◆ **YOUR OBJECTIVE**: Could you copy the records below exactly, leaving out any pictures they include?

──────── PROVIDED INFORMATION

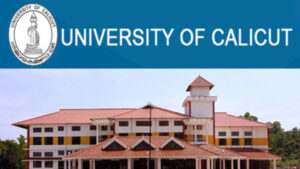 Read more about the article Calicut University UGCAP First Allotment List 2024 Dates — cuonline.ac.in UG Counseling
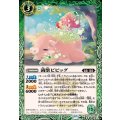 (2025/12)菌獣ピピッグ《緑》 card art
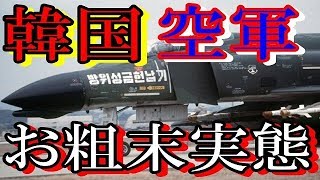 【驚愕の実態】韓国空軍…まさかの米国を裏切る卑劣な行為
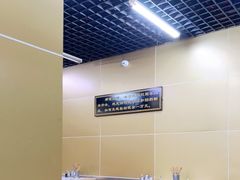 -帖老大羊肉汤烩面烧烤(康复后街总店)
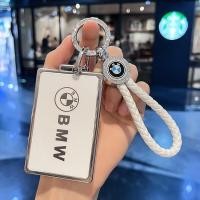 ราคา เคสกุญแจการ์ดรถสำหรับ BMW พวงกุญแจสำหรับ bmw x5 X7 (21649893794)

────────────────

◆ **OUTPUT**:
 Read more about the article Calicut University UGCAP First Allotment List 2024 Dates — cuonline.ac.in UG Counseling
 (2025/12)菌獣ピピッグ《緑》 card art
 【驚愕の実態】韓国空軍…まさかの米国を裏切る卑劣な行為
 -帖老大羊肉汤烩面烧烤(康复后街总店)
 ราคา เคสกุญแจการ์ดรถสำหรับ BMW พวงกุญแจสำหรับ bmw x5 X7 (21649893794)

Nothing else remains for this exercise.